## [THE INPUT]

********************

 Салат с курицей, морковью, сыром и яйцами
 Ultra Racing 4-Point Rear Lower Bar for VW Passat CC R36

********************

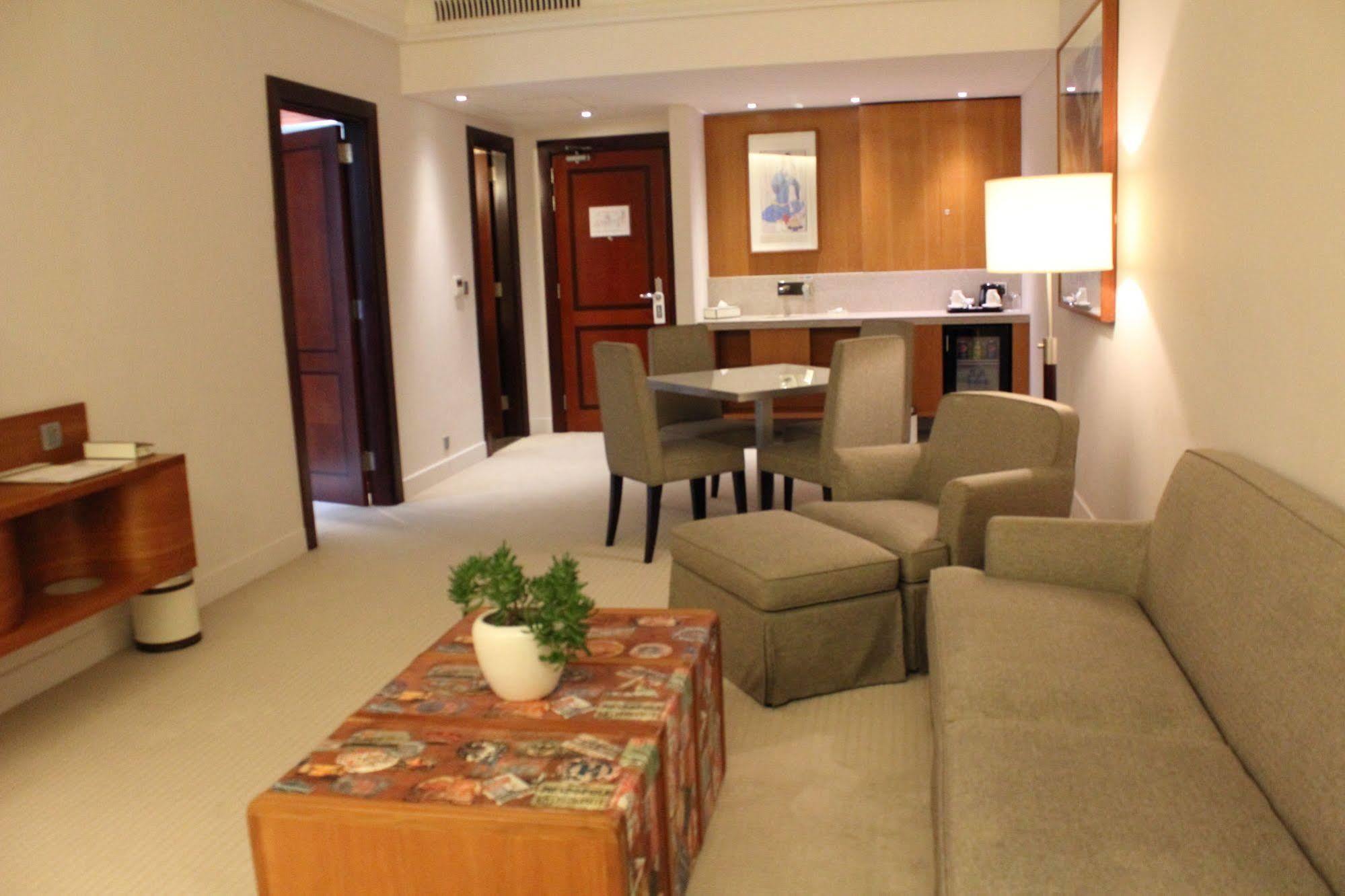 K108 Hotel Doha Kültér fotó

********************

## [WHAT NEEDS TO BE DONE]
Please give back exactly the lines of the listing above that run from the one containing "Салат с курицей, морковью, сыром и яйцами" through the one containing "Ultra Racing 4-Point", and only those.

## [ANSWER TO THIS EXERCISE]
 Салат с курицей, морковью, сыром и яйцами
 Ultra Racing 4-Point Rear Lower Bar for VW Passat CC R36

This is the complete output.